SOPRAVVIVERE AL XXI SECOLO?

Ammetto subito che il punto interrogativo è mio. È la conferma del pessimismo della ragione, per fortuna contrastato dall’ottimismo della volontà.

Il dubbio è poi supportato dalla lettura di un libro che ho acquistato per la bellezza della copertina: la foto di Noam Chomsky e di Pepe Mujica, nel Maggiolone del 1987 di quest’ultimo.

José Alberto Mujica Cordano ha quasi novant’anni ed è stato Presidente dell’Uruguay dal 2010 al 2015. È noto per il suo stile di vite sobrio, al limite dell’austerità. Avram Noam Chomsky ha da poco compiuto 96 anni ed è considerato il maggior linguista vivente

In tempi di rapper ed influencer, ancorarsi alla saggezza è sempre un buon antidoto: l’intellettuale più influente del mondo e il politico più amato del pianeta sono “intervistati” da Saúl Alvídrez , giovane attivista e documentarista messicano.

Il dialogo è intenso e leggero, divertente e serio.

L’analisi è chiara: il disastro ambientale e le guerre stanno conducendo rapidamente l’essere umano ad autodistruggersi. D’altronde, il genere umano è solo una parte del flusso della vita e, aggiungo, la Terra è infinitesimale rispetto l’universo: ciò nonostante, prevale una cultura antropocentrica.

Interessanti le considerazioni sulle tecnologie digitali: con televisori e cellulari si crea un mondo in cui l’unità sociale risiede solo in una coppia, tu e il device: si possono così controllare le persone perché non collaborano più tra loro; la differenza tra intelligenza collettiva e intelligenza artificiale è che la prima è costruita organicamente a partire dai cittadini, mentre la seconda è costruita da macchine controllate dai loro proprietari; stare insieme, come impone la connettività, non è la stessa cosa che essere uniti – come propone l’articolazione; bene l’AI, ma di che vivranno coloro che non possiedono i robot?

Con disincanto, alleggerito dall’intelligente ironia, Chomsky e Mujica ci avvertono che: non dobbiamo aspettarci nulla dalle organizzazioni internazionali; c’è molta tristezza nelle nostre società piene di ricchezza; la vecchia sinistra vive con eccessiva nostalgia e le costa fare i conti con i motivi per cui ha fallito e le costa enormemente immaginare percorsi nuovi.

È sulle soluzioni da prendere che torna a prevalere il mio pessimismo della ragione. Come non condividere che occorre una lotta della solidarietà contro l’egoismo, che va ricostruito un arsenale di pensiero nuovo per distribuire il potere senza prenderlo e per far sì che il popolo si governi da solo, superando la drammatica crisi di rappresentatività e di democrazia che avvelena il globo? Okay, ma come?

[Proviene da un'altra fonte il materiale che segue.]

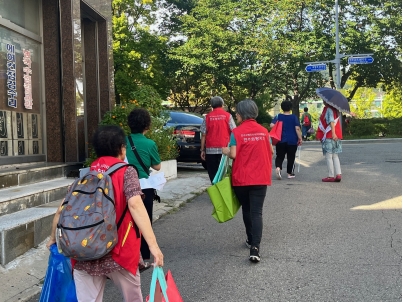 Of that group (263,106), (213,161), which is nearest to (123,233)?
(213,161)

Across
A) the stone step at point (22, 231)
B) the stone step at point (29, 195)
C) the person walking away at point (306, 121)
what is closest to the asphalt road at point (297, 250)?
the stone step at point (22, 231)

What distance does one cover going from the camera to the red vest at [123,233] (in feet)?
9.50

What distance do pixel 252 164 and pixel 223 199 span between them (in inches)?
20.5

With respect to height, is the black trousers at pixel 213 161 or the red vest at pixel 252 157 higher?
the red vest at pixel 252 157

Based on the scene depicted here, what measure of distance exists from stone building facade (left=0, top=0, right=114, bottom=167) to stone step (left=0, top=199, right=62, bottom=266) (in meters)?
3.01

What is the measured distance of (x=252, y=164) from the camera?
5.18 meters

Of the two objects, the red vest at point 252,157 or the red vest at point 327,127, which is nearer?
the red vest at point 252,157

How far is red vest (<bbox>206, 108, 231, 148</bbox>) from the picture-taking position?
8164mm

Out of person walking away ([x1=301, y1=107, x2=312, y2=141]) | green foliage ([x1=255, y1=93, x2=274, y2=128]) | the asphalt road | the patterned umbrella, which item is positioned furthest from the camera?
green foliage ([x1=255, y1=93, x2=274, y2=128])

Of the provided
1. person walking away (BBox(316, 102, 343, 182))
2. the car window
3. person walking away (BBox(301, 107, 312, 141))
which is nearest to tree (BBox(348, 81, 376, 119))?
person walking away (BBox(301, 107, 312, 141))

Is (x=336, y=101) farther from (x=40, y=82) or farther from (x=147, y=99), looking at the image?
(x=40, y=82)

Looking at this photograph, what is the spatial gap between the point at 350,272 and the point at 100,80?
341 inches

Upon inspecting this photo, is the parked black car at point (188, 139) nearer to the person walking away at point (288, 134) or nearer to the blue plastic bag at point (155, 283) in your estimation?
the person walking away at point (288, 134)

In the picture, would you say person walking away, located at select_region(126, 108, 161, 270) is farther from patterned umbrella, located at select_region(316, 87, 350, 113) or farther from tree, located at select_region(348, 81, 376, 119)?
tree, located at select_region(348, 81, 376, 119) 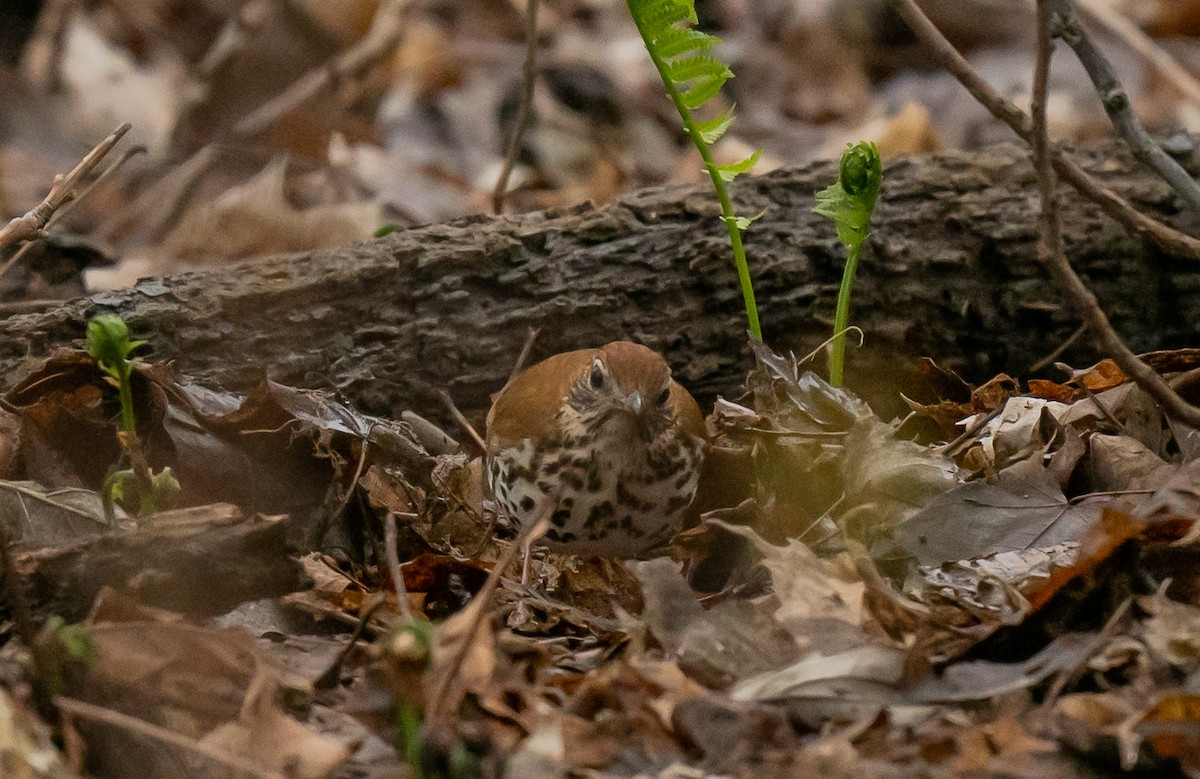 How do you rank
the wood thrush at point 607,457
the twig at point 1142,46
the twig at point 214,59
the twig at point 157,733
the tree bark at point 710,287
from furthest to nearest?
1. the twig at point 214,59
2. the twig at point 1142,46
3. the tree bark at point 710,287
4. the wood thrush at point 607,457
5. the twig at point 157,733

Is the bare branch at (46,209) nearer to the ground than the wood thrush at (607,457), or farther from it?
farther from it

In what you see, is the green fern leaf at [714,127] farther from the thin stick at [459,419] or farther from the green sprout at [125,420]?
the green sprout at [125,420]

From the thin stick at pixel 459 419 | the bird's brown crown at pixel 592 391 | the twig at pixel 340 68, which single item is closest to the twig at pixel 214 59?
the twig at pixel 340 68

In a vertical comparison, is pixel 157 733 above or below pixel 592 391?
above

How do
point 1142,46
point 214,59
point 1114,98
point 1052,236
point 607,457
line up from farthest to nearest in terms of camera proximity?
point 214,59
point 1142,46
point 607,457
point 1114,98
point 1052,236

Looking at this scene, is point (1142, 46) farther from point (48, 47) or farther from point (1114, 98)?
point (48, 47)

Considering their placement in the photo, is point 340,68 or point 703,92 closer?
point 703,92

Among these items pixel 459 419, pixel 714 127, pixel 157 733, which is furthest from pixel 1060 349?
pixel 157 733

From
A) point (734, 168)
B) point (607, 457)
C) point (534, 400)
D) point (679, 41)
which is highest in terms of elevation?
point (679, 41)

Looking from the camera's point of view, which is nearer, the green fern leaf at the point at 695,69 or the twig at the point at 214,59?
the green fern leaf at the point at 695,69

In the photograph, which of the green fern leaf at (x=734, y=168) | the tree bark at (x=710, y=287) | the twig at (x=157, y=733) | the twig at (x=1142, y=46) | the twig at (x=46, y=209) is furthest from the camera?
the twig at (x=1142, y=46) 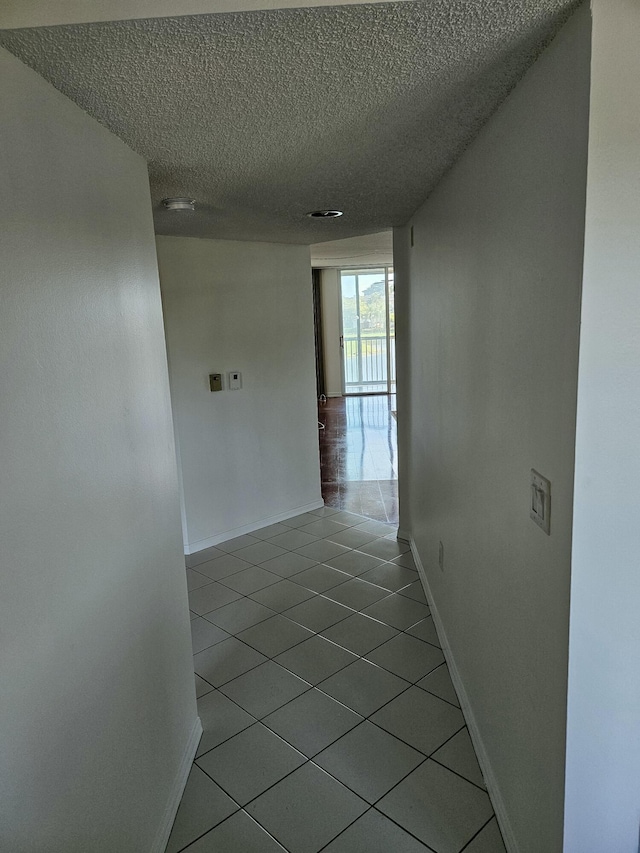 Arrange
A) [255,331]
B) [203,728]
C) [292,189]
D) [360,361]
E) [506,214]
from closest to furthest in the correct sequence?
[506,214] < [203,728] < [292,189] < [255,331] < [360,361]

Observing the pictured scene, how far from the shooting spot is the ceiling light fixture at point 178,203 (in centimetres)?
250

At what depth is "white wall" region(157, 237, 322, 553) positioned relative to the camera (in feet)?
12.5

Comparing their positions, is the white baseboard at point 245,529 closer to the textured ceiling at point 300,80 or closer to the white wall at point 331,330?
the textured ceiling at point 300,80

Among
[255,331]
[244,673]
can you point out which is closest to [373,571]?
[244,673]

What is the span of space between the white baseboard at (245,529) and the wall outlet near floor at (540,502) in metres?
3.01

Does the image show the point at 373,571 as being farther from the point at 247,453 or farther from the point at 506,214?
the point at 506,214

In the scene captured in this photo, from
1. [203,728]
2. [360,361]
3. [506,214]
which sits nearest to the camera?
[506,214]

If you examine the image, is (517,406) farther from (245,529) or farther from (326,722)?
(245,529)

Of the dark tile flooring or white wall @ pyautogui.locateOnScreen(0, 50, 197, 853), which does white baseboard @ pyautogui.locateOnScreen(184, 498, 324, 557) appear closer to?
the dark tile flooring

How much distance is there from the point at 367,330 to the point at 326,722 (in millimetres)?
9805

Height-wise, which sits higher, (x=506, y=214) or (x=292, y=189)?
(x=292, y=189)

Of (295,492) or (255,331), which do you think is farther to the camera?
(295,492)

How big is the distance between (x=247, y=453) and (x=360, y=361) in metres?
7.62

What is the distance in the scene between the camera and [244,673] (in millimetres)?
2572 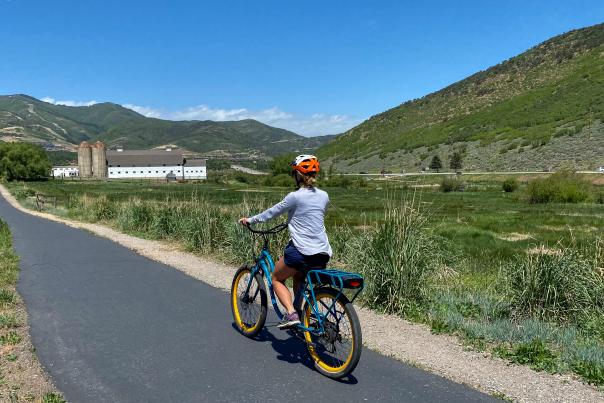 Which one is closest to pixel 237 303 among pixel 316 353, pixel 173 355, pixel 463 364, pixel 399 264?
pixel 173 355

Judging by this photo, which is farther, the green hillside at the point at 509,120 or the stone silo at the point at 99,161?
the stone silo at the point at 99,161

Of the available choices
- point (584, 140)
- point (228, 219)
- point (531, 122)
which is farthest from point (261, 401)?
point (531, 122)

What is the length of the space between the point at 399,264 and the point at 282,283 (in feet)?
9.61

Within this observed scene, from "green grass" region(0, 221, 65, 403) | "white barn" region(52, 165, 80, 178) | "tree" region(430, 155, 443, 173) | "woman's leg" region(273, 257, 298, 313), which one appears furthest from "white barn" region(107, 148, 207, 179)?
"woman's leg" region(273, 257, 298, 313)

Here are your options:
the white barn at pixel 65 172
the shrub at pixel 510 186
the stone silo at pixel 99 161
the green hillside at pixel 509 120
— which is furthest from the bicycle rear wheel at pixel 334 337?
the white barn at pixel 65 172

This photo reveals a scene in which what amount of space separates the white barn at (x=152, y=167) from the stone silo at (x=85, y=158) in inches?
222

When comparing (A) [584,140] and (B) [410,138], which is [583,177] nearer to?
(A) [584,140]

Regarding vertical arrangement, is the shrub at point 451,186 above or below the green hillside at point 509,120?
below

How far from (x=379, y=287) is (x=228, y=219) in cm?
802

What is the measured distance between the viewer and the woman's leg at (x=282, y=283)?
5711mm

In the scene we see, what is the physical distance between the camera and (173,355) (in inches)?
230

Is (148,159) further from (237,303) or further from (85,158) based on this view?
(237,303)

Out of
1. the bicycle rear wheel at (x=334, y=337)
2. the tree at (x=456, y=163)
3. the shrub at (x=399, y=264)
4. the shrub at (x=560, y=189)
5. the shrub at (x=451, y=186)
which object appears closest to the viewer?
the bicycle rear wheel at (x=334, y=337)

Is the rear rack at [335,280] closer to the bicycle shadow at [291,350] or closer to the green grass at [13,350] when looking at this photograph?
the bicycle shadow at [291,350]
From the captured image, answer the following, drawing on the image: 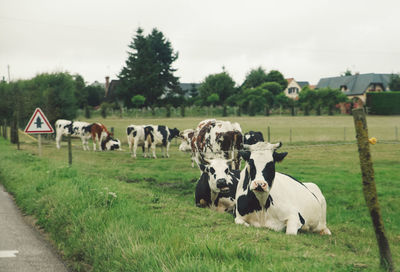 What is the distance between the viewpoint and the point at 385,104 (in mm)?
57031

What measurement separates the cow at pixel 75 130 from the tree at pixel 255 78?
61.1 meters

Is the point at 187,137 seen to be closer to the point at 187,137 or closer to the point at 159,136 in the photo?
the point at 187,137

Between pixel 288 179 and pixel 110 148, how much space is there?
21.9 meters

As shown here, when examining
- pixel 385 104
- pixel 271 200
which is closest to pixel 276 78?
pixel 385 104

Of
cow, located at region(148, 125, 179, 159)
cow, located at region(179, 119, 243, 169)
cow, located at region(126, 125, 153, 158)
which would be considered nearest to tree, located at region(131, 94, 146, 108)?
cow, located at region(126, 125, 153, 158)

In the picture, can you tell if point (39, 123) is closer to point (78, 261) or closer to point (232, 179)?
point (232, 179)

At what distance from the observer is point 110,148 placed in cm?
2831

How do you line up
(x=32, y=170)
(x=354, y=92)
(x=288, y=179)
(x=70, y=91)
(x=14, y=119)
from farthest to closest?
1. (x=354, y=92)
2. (x=70, y=91)
3. (x=14, y=119)
4. (x=32, y=170)
5. (x=288, y=179)

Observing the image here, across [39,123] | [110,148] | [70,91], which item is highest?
[70,91]

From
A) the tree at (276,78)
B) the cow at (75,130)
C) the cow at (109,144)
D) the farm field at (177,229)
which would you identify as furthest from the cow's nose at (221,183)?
the tree at (276,78)

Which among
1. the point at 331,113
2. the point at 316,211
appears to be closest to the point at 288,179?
the point at 316,211

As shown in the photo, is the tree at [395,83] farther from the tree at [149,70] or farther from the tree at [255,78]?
the tree at [149,70]

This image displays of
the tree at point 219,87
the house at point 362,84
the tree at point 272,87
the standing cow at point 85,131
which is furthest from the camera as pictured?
the house at point 362,84

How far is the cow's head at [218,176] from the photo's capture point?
8.69 meters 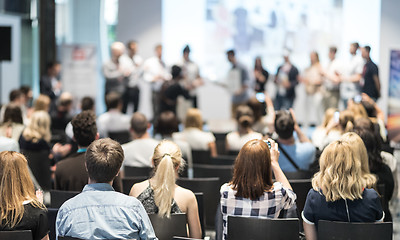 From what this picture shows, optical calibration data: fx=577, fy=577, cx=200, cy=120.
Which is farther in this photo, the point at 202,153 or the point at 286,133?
the point at 202,153

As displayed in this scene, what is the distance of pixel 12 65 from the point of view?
39.8 ft

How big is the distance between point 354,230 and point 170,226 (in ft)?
3.37

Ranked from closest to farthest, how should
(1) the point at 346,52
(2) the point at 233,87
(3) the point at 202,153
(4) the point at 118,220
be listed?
(4) the point at 118,220 < (3) the point at 202,153 < (2) the point at 233,87 < (1) the point at 346,52

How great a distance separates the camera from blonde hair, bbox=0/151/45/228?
301 cm

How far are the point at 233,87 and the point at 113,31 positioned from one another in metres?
3.65

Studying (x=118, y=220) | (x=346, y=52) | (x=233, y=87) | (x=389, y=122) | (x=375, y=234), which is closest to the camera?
(x=118, y=220)

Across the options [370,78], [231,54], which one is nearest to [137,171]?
[370,78]

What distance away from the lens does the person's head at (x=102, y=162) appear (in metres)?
2.95

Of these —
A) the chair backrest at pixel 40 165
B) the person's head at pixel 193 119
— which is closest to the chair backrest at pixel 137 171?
the chair backrest at pixel 40 165

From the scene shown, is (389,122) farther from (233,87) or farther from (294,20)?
(294,20)

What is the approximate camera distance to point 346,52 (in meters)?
12.8

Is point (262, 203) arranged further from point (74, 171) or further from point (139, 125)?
point (139, 125)

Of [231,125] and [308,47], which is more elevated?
[308,47]

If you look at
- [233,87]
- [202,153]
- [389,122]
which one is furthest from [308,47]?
[202,153] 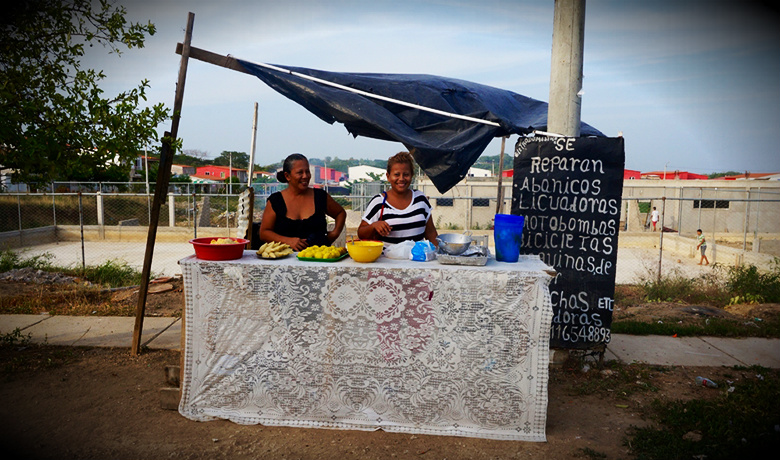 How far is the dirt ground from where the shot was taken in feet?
10.6

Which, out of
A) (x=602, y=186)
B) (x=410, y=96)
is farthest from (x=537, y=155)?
(x=410, y=96)

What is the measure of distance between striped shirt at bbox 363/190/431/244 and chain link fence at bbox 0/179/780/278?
3.81m

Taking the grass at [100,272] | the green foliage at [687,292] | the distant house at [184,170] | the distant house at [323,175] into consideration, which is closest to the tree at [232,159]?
the distant house at [184,170]

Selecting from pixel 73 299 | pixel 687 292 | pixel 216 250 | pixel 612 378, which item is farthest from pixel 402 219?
pixel 687 292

Qui non mi resta che ascoltare Bob Dylan: “The answer, my friend, is blowin’ in the wind…”, e sono passati, intanto 63 anni. Questa però non è un’assoluzione né tantomeno una scusa: è uno stimolo ulteriore a comportarci da brave persone, nella nostra quotidianità (e sperare che i Giovani prendano in mano il loro destino).

Tre curiosità, in termini di risonanza:

Scrivono Chomsky e Mujica che “Se non riusciamo a controllare questi monopoli digitali, dobbiamo smettere di dipendere da loro in modo che non possono controllarci”: ed io sono appena uscito da tutti i social.

Da tempo, provocatoriamente, sostengo che rispetto ad elezioni nelle quali vota la metà della popolazione sia meglio estrarre a sorte i parlamentari, rispettando un campione statistico, stratificato per età, zone geografiche, occupazione… Josè “Pepe” Mujica cerca nei classici le risposte alle domande esistenziali e mi ricorda che già nell’antica Grecia di Pericle funzionava così.

Infine, non mi sono mai fatto attrarre dalle sirene del cosiddetto Movimento 5 Stelle e nel libro leggo, letteralmente: “In Messico chiamano grillos quelle persone che… sono attratte dal potere politico solo per vanità e interesse personale, individui che non hanno altra causa se non se stessi e che sono sedotti dall’idea di servire se stessi e non da quella di servire”. Nomen omen e così sia!